A decade ago, McLaren switched from its long-term Mercedes engine supply to a works Honda deal in the belief that such a partnership was essential for Formula 1’s V6 turbo-hybrid era. Ron Dennis was convinced about that. But we all know how badly it went.
As recently as 2018, though, then-McLaren racing director Eric Boullier said winning a title as a customer was not possible. The problem was at that time McLaren was out of its failed Honda era, early into a Renault stop-gap customer deal, and with no new works deal on the horizon.
McLaren has changed since then. F1’s V6 turbo-hybrid era has changed since then. And McLaren’s 2024 success, in its fourth season back as a Mercedes customer again, shows exactly why CEO Zak Brown and team principal Andrea Stella believed that continuing to bang the ‘we need to be a works team’ drum would just be an “excuse”.
“Certainly, there might have been a situation over the last 10 years in which HPP had a little extra which they were deploying,” Stella told The Race earlier this year.
“But except for some of these Q3 special modes or something, Mercedes and Red Bull won championships and created to some extent a dominance because they did a good job as a chassis team.
“OK, clearly, you need a very competitive power unit. But the differentiation compared to the teams that had the same power unit was in the quality of the work that was done on the chassis side.
“This conviction that you need to be a works team, for me it’s more of an excuse than a technical fact.”
Although correlation does not necessarily equal causation, modern F1 history has tended to suggest otherwise.
Brawn, in 2009, was effectively the last customer team to win the world championship. Red Bull was a Renault customer in 2010 at the start of a run when it won four consecutive title doubles, but it was already its frontline team after Renault sold its works operation at the end of 2009, and that relationship then became more formal from 2011.
Before that, Ferrari, McLaren (with Mercedes), Renault and Ferrari had shared the spoils in the 2000s. The hybrid era only seemed to reinforce the works team advantage given the emphasis on ultra-sophisticated engine maps, energy harvesting and deployment, and how all of that interacted with the car itself to determine key performance traits.

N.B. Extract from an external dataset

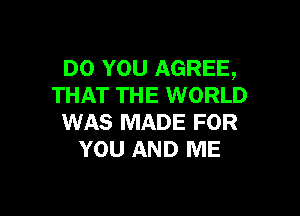 DO you AGREE,
THAT THE WORLD

WAS MADE FOR
YOU AND ME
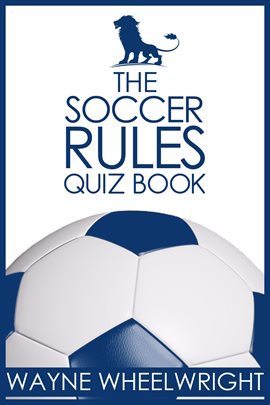 Cover image for The Soccer Rules Quiz Book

Works team status conferred a greater edge across custom chassis/engine integration and special engine modes. That is why F1 has worked hard to cut the disparity between works and non-works teams over the years.
There are measures in the current regulations to ensure parity when it comes to the power unit specification. This was originally brought in by a technical directive in 2018, before being incorporated into the regulations, which require each power unit manufacturer to supply what’s called a homologation dossier to all its teams.
It states that all power units must be identical - save for permitted variations in fuel and oil specification, wirings and what are called minor parts requiring incidental modification.
They must also run with identical software for power unit control and be capable of being operated in precisely the same way. This means you have the same engine modes available, unlike in the early days of the current engine rules when the supplier could limit what customers ran, and means that there’s no difference in the specification of engines.
The upshot of that is if you are a customer team, you get the exact same power unit package, the exact same engine modes, the exact same performance potential as the works team. The days when it might be 50 horsepower or more down and effectively a second-class citizen are long gone.
Even Mercedes’ team is fine with this. As co-owner Toto Wolff said: “It was our mentality in the new era that not only the regulations say you need to be on equal material, but it's also how we take it. I'd rather be beaten by a customer team and know where the benchmark lies.”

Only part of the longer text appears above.